Через три квартала сирены вырывают Натаниэля из омута беспокойного сна. Во сне им с Генри на тридцать лет меньше – два молодых профессора только познакомились. Двухлетняя дочка Натаниэля играет с кубиками на ковре в крохотной квартирке, которую он снял после развода. Генри лихорадочно ищет что-то. Обыскивает квартиру. Переворачивает все вверх дном. Натаниэль заранее знает, что Генри ищет яд и хочет его выпить. Непонятно только зачем. Генри умоляет Натаниэля помочь. «Не могу больше так жить», – повторяет он. «Жить как?» – недоумевает Натаниэль. Во сне он тщетно пытается понять причину. Из комнаты Генри таинственным образом попадает в гостиную бабушки Натаниэля в Мичигане. Каким-то чутьем Натаниэль угадывает, что яд спрятан в дедушкиных часах, тикающих в углу. Он знает, но не говорит. «Почему?» – как заведенный спрашивает Генри. Несмотря на внешнюю молодость, в его глазах застыла боль отжившего свой век старика. «Почему ты не хочешь мне помочь?»
Натаниэль просыпается мокрый от пота, чувствуя напряжение во всем теле.
В давние времена он счел бы свой сон пророческим. А в конкретные исторические периоды принял бы его за глас Божий.
Приснись ему такое лет пятьдесят или сто назад, в эпоху Фрейда, ведущие эксперты объяснили бы: сон вовсе не о Генри, а о детстве Натаниэля, подавленном сексуальном влечении, истинный же смысл таится в недрах подсознания и нуждается в анализе.
Однако почитатели Юнга наверняка опровергли бы мнение коллег.
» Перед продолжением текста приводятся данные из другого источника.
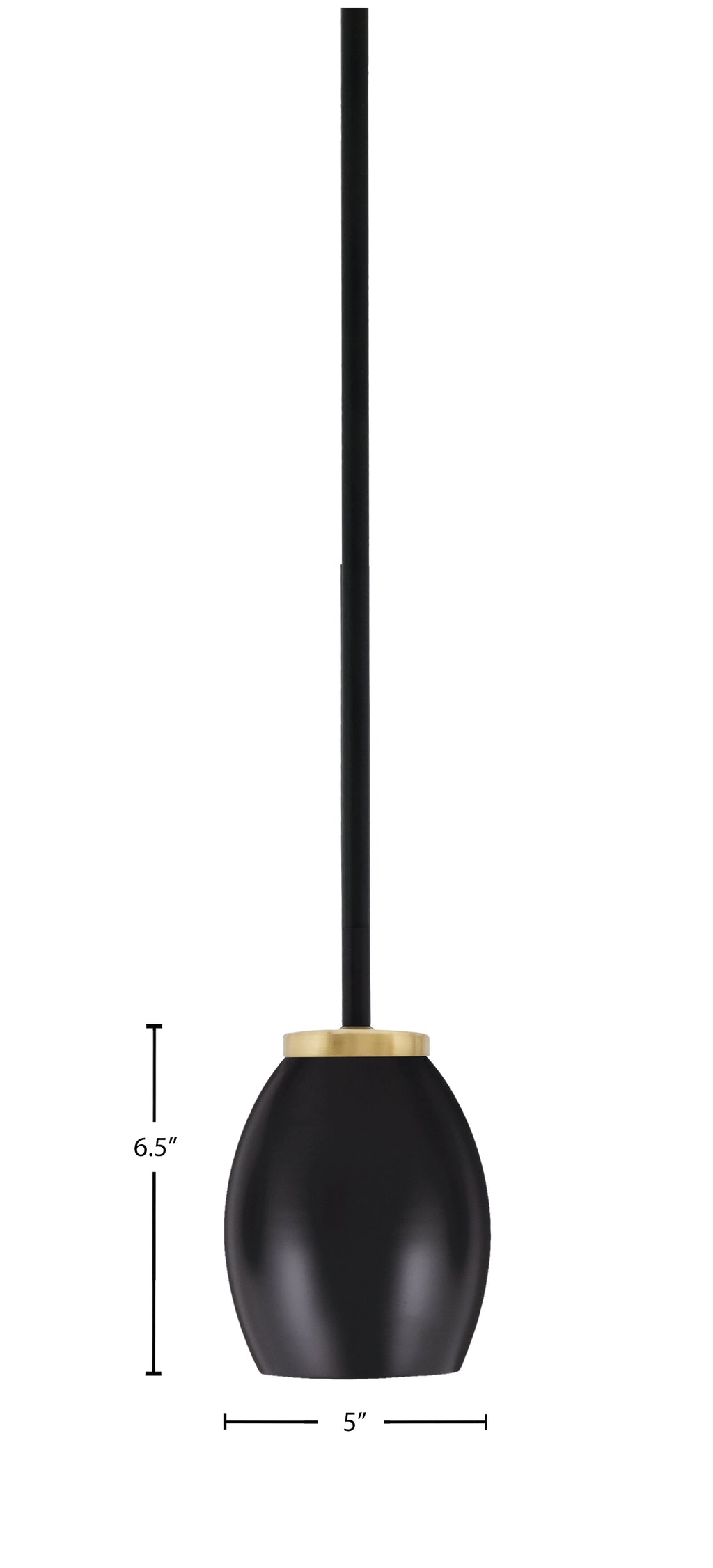 Sandia One Light Mini Pendant in Matte Black & New Age Brass with Matte Black Metal Shade Shade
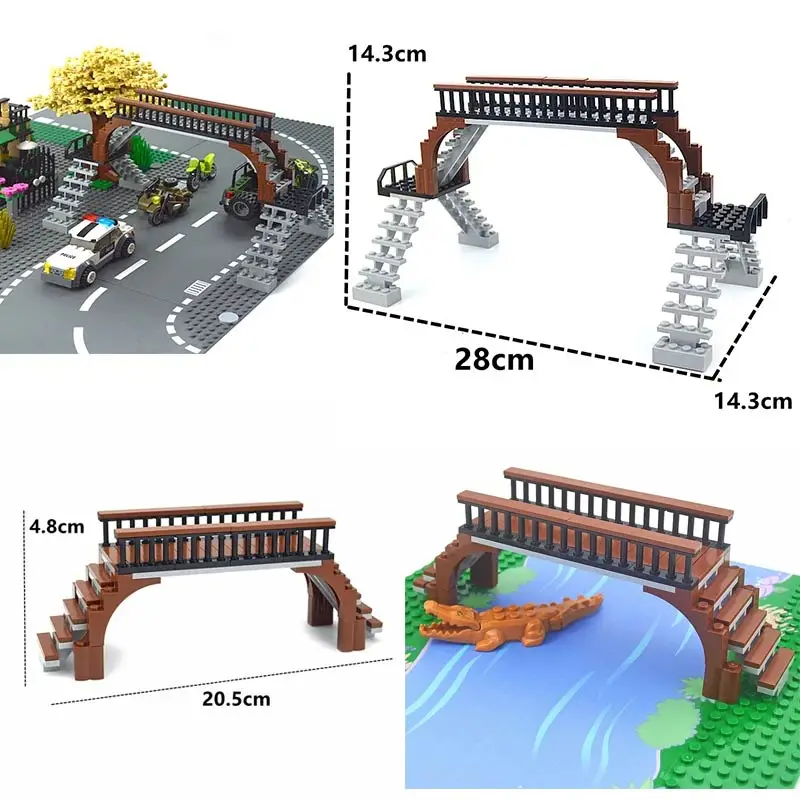 

City Road Street Baseplate Straight Crossroad Curve T-Junction Building Blocks 7280 7281 Compatible with Leduo City Base Plate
Нельзя сбрасывать сон со счетов и сводить все к сексу. Как любил говаривать студентам Генри, стих есть стих и переводу не подлежит. Кроме того, последователи Юнга обратили бы внимание на архетипы коллективного бессознательного: образы отца и ребенка, часы.
Впрочем, все это теории минувших эпох. Современная наука мало интересуется снами.
Для профессора биологии сон с участием Генри – всего лишь досадная помеха, не сто́ящая детального изучения. Натаниэль лихорадочно соображает, чем бы отвлечься.
Благо в ночь пожара найти повод не составляет труда. Прямо камень с души: запах дыма, надрывный вой сирен, дело, не требующее отлагательств.
Через минуту Натаниэль уже во дворе, окатывает крышу водой из шланга.
В больнице не замечают запаха гари. Спустя двенадцать часов карантина по залитым флуоресцентным светом коридорам витает другая, более насущная опасность. Список жертв пополняет пятая медсестра. Госпитализированный с пневмонией старик тоже оказывается в изоляционном блоке.
Для очутившихся в заложниках семей не хватает кроватей, они вынуждены спать на полу в вестибюлях. В этот поздний час не разобрать, кто болен, а кто нет.
Мало-помалу мелкие бытовые проблемы грозят обернуться крупными неприятностями. Два туалета засорились, из кафетерия не привезли еды – запуганный новостями водитель боится приближаться к зданию.
Внутри Кэтрин ни на секунду не снимает маску, руки упрятаны в две пары перчаток – психологическая подготовка помогает справляться с ситуацией лишь немногим лучше остальных. В голове бьется единственная мысль: если болезнь не пощадит и ее, у дочери не будет никаких воспоминаний о матери. Эгоистично было производить ее на свет одну, без отца. Кэтрин решает сочинить ей послание – на будущее, когда подрастет. Но как ни старается, не может придумать ничего, кроме главного, самого очевидного: «Я очень тебя любила».
В спортзале никто не смыкает глаз. Двадцать шесть подростков не дремлют, их ряды поредели еще на четверых. Прошел слух, что инфекция подстерегает во сне – он причина, а не следствие. Если бодрствовать, не заболеешь.